L’amico Gubert dovrebbe prendere atto che, dopo dieci anni e la lunga Demodissea che ho tentato di ricostruire nel mio ultimo libro: Demodissea: la DC nella lunga stagione della diaspora democristiana (1993-2020), edizioni il Mio Libro, ha segnato una serie di fallimenti acuitisi dopo l’ultimo congresso del 2018 che, anziché concorrere alla ricomposizione ha dovuto sperimentare ulteriori rotture e divisioni che fanno salire a quasi due mani il numero delle DC che, a diverso titolo, si rifanno alla DC storica, quella che ha cessato giuridicamente la sua vita nel 1992-93.
Consiglierei a Gubert la lettura del bel libro di Amarthya Sen: Globalizzazione e Libertà (ed. Mondadori 2003) nel quale l’autore descrive la parabola della ranocchia- kupamandika. Dai testi indiani sanscriti antichi: una ranocchia vive tutta la vita rinchiusa in un pozzo sospettosa di tutto ciò che accade fuori. Dal 500 a.C.: quattro testi sanscriti (Ganapatha- Hitopadesà- Prasamaraghava- Battikavya) esortano tutti a non comportarsi allo stesso modo della kupamandika.
La ranocchia aveva una “visione del mondo”, il suo mondo, ma era ovviamente circoscritta a quel piccolo pozzo.
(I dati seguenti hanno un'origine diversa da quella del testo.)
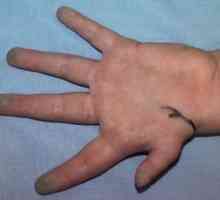 Hipoplazia primele degete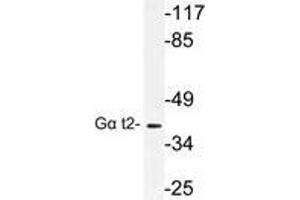 Western blot (WB) analysis of Gα t2 antibody in extracts from COLO cells. (GNAT2 antibody)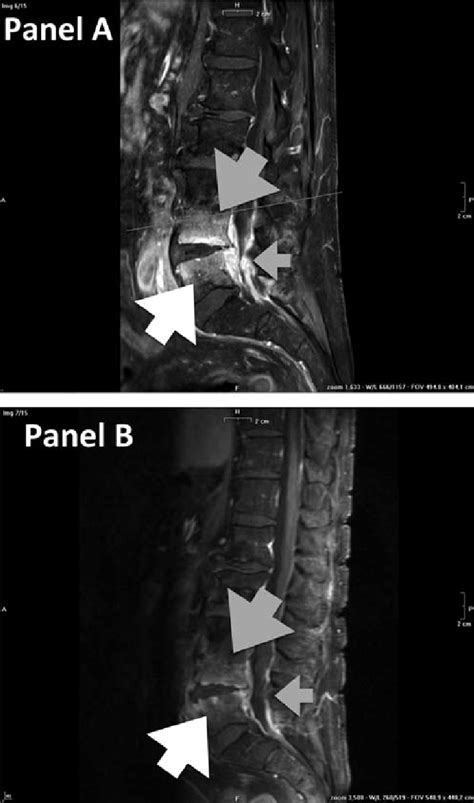 Panel A Vertebral Osteomyelitis In L Gray Arrow And L White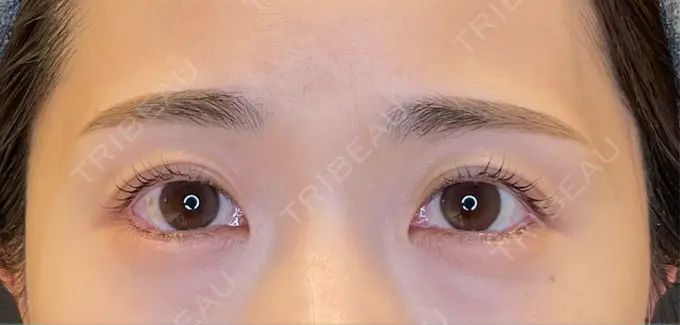 目尻切開 / タレ目形成・グラマラスライン（埋没） LOUIS CLINIC 二子玉川院【ルイクリニック】 DAY 14 メイン用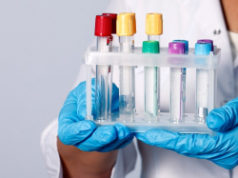 ПЦР-анализ на ИППП: процедура проведения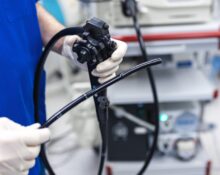 colonoscopy procedure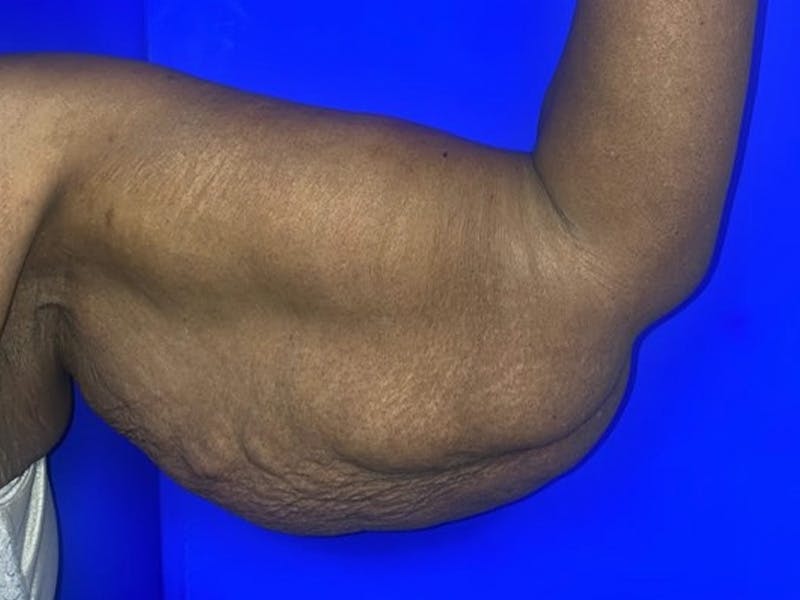 Arm Lift Before & After Gallery - Patient 122659 - Image 3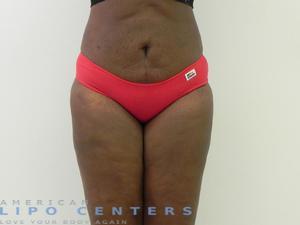 americanlipocenters_42.jpg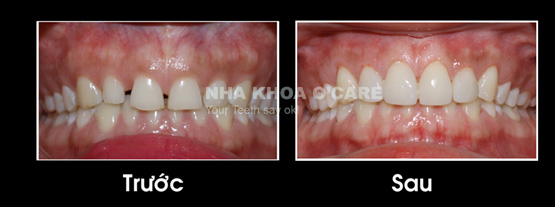 trước và sau bọc răng sứ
Se fosse prevalsa la visione della kupamandika, senza i necessari scambi interculturali, avremmo avuto una diversa e assai più limitata storia scientifica, economica e culturale dell’umanità.
Ecco io temo che questa visione, tutta incentrata su ciò che rimasto della DC che pensammo di ricomporre politicamente nel 2012 e che si è andata, invece, progressivamente, decomponendo, sia il vero limite della prospettiva politica indicata da Gubert.
Trovo, altresì, alquanto ingenerosa e insufficiente l’analisi di Grassi su quello che lui definisce ”l’esperienza tramontata” della Federazione Popolare dei DC.
Caro Renato, il limite di quel progetto avviato dall’amico Gargani insieme ad alcuni di noi, non è stato dovuto solo al venir meno dell’adesione di Cesa e Rotondi, ma anche della “tiepidezza” con cui molti dei nostri amici DC avevano accolto quell’iniziativa (***).
Da parte mia continuo, invece, a ritenere che proprio da quel tentativo avviato con una cinquantina di partiti, movimenti, associazioni della nostra area politico culturale si dovrebbe ripartire, certo con una DC confermata su questa strada dal prossimo congresso, con una rinnovata dirigenza come auspicato da Grassi nel suo intervento.
Nessuna velleità integralistica da nostalgica e anacronistica kupamandika, ma la netta determinazione nel voler occupare una posizione nel centro della politica italiana, insieme a quanti intendono concorrere alla costruzione del soggetto politico nuovo democratico, popolare, liberale, riformista, europeista, atlantista, trans nazionale, alternativo alle destra nazionalista e populista e distinto e distante dalla sinistra alla ricerca della propria identità.
Un centro pronto a collaborare con quanti intendono difendere e attuare integralmente la nostra Costituzione repubblicana. Da “osservatore non partecipante”, anche proprio per le ragioni indicate da Grassi, ossia di favorire l’emergere di una nuova classe dirigente, non parteciperò al prossimo congresso nazionale, felice se da esso potrà derivare, con la nuova e più giovane dirigenza, la conferma di una linea centrale dei democratici cristiani di cui il Paese avrebbe bisogno.